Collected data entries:
============================================================
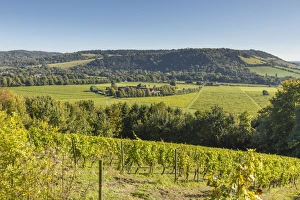 Denbies Wine Estate (Largest vineyard in England), North Downs Way, Dorking, Surrey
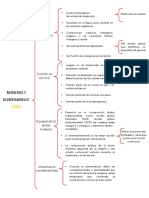 Cuadro Sinóptico. Nutrientes y Neurodesarrollo: Lípidos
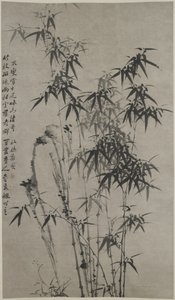 Bambus og sten, ca. 1760 (blæk på papir) af Xie Zheng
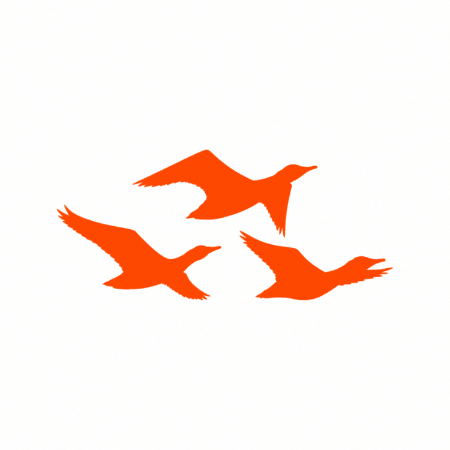 fbrjunior giphygifmaker fbr fbrjunior laviene GIF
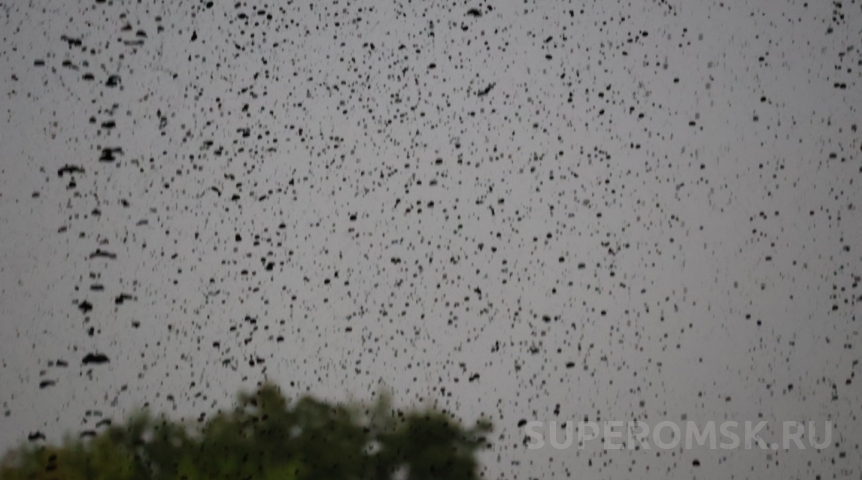 В Омской области пройдет самый сильный на континенте ливень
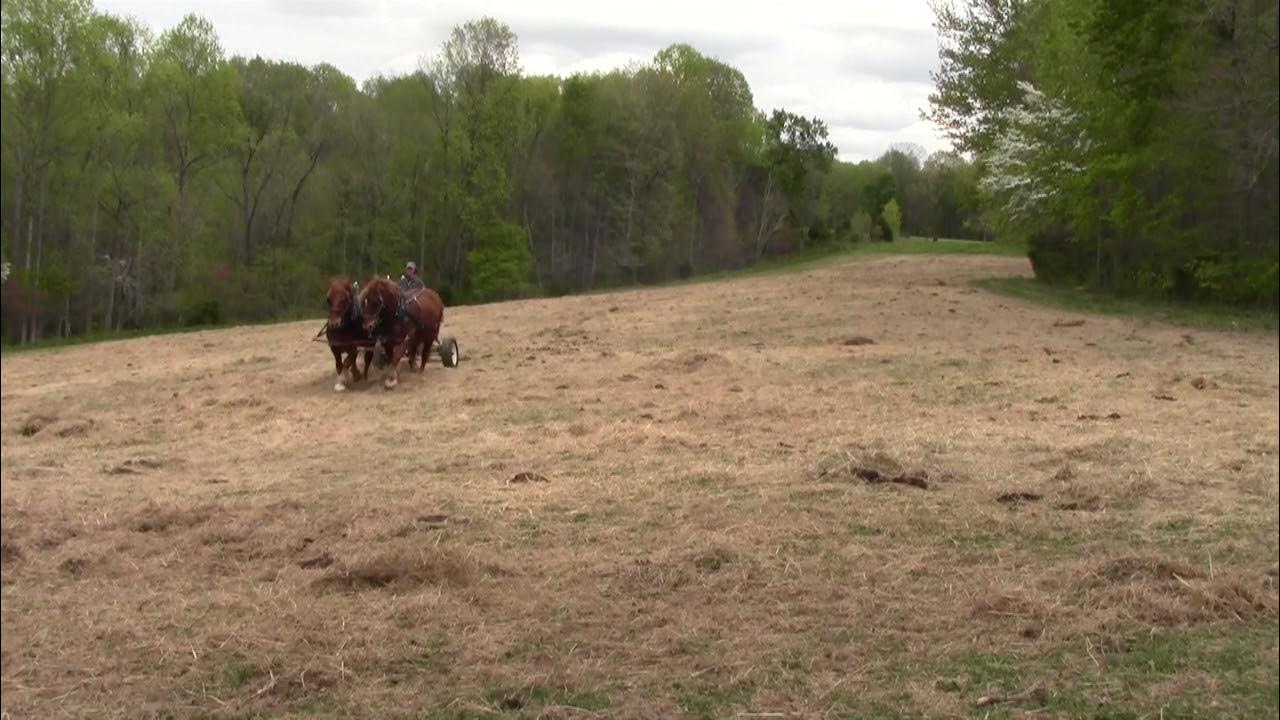 Dragging winter cow pasture YouTube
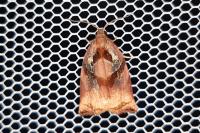 Archips podana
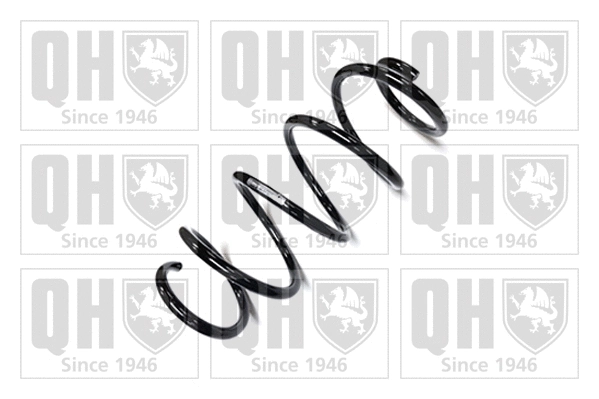 Suspension Spring (QCS5229)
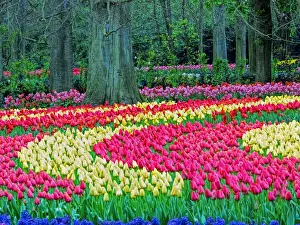 Netherlands, Holland Prints: Europe; Netherlands; Lisse; Keukenhof Gardens; Keukenhof Gardens with Tulip Blooms Surounded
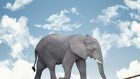 Adolescenza: L’età degli Elefanti in Equilibrio Su un Filo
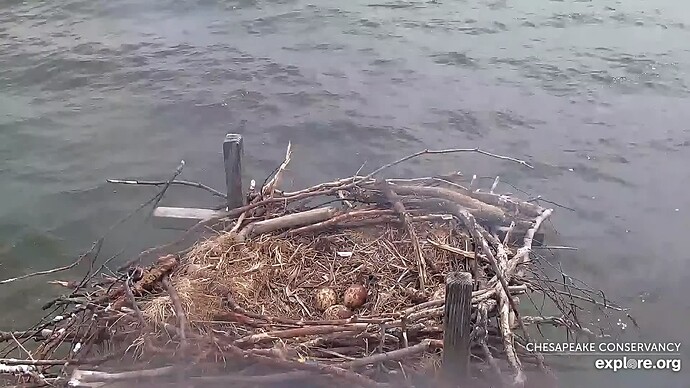 osch_230528_3eggs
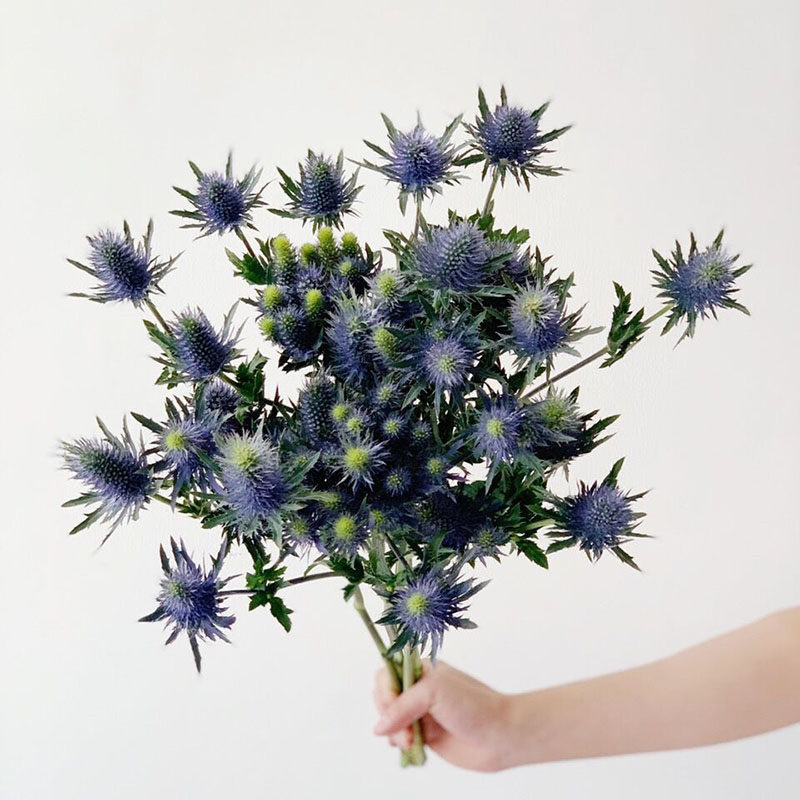 进口大刺芹鲜花束低调独特高端花艺百搭配花冷调色气质高冷有个性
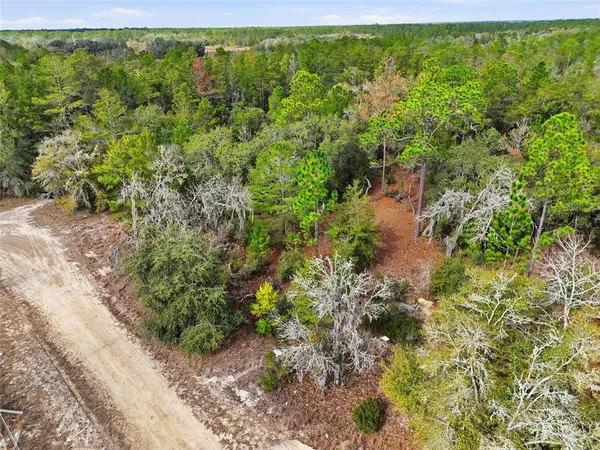 a view of a garden with a building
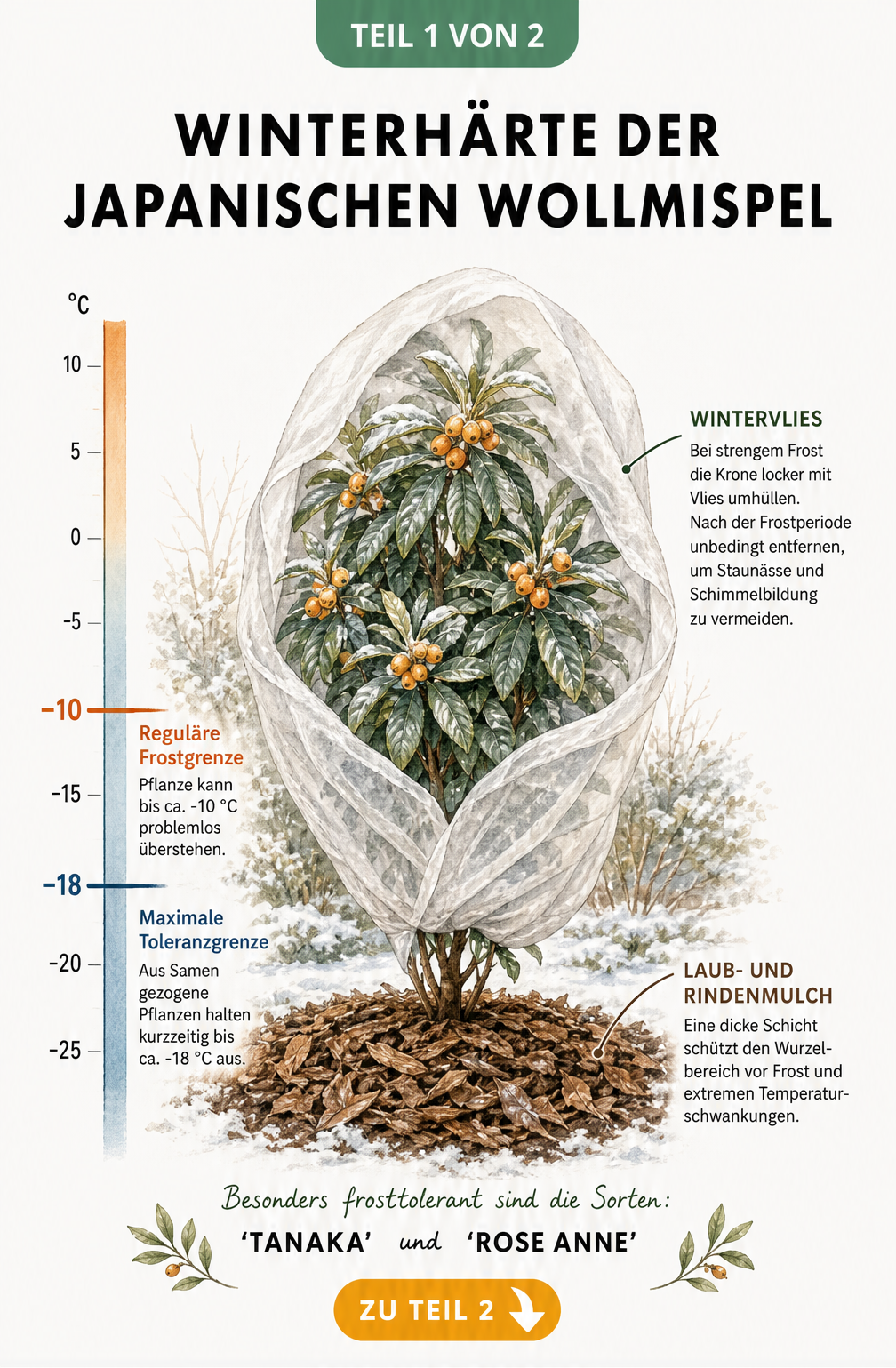Illustration einer Japanischen Wollmispel im Winter mit Temperaturskala und Schutzmaßnahmen wie Rindenmulch und Wintervlies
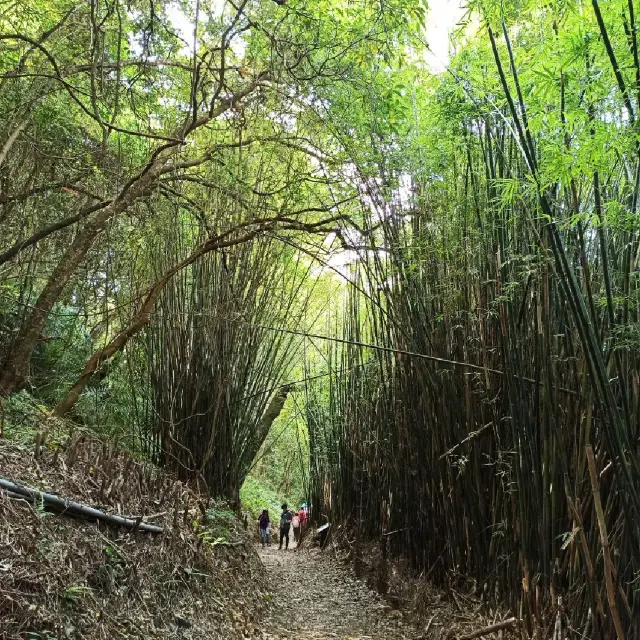 陽明山 - 橫嶺古道 + 松溪瀑布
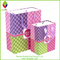 Colored Striped Packing Paper Carry Fashion Bag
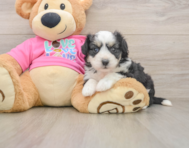 6 week old Aussiechon Puppy For Sale - Simply Southern Pups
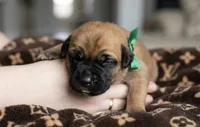 Midnight Groove’s Mad At Fire-Red Fawn, a male Cane Corso for sale in Orlando, FL – 5 of 9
============================================================
Repeat the records above word for word. Pictures stay out of the copy.

* Task response *
 Denbies Wine Estate (Largest vineyard in England), North Downs Way, Dorking, Surrey
 Cuadro Sinóptico. Nutrientes y Neurodesarrollo: Lípidos
 Bambus og sten, ca. 1760 (blæk på papir) af Xie Zheng
 fbrjunior giphygifmaker fbr fbrjunior laviene GIF
 В Омской области пройдет самый сильный на континенте ливень
 Dragging winter cow pasture YouTube
 Archips podana
 Suspension Spring (QCS5229)
 Netherlands, Holland Prints: Europe; Netherlands; Lisse; Keukenhof Gardens; Keukenhof Gardens with Tulip Blooms Surounded
 Adolescenza: L’età degli Elefanti in Equilibrio Su un Filo
 osch_230528_3eggs
 进口大刺芹鲜花束低调独特高端花艺百搭配花冷调色气质高冷有个性
 a view of a garden with a building
Illustration einer Japanischen Wollmispel im Winter mit Temperaturskala und Schutzmaßnahmen wie Rindenmulch und Wintervlies
 陽明山 - 橫嶺古道 + 松溪瀑布
 Colored Striped Packing Paper Carry Fashion Bag
 6 week old Aussiechon Puppy For Sale - Simply Southern Pups
 Midnight Groove’s Mad At Fire-Red Fawn, a male Cane Corso for sale in Orlando, FL – 5 of 9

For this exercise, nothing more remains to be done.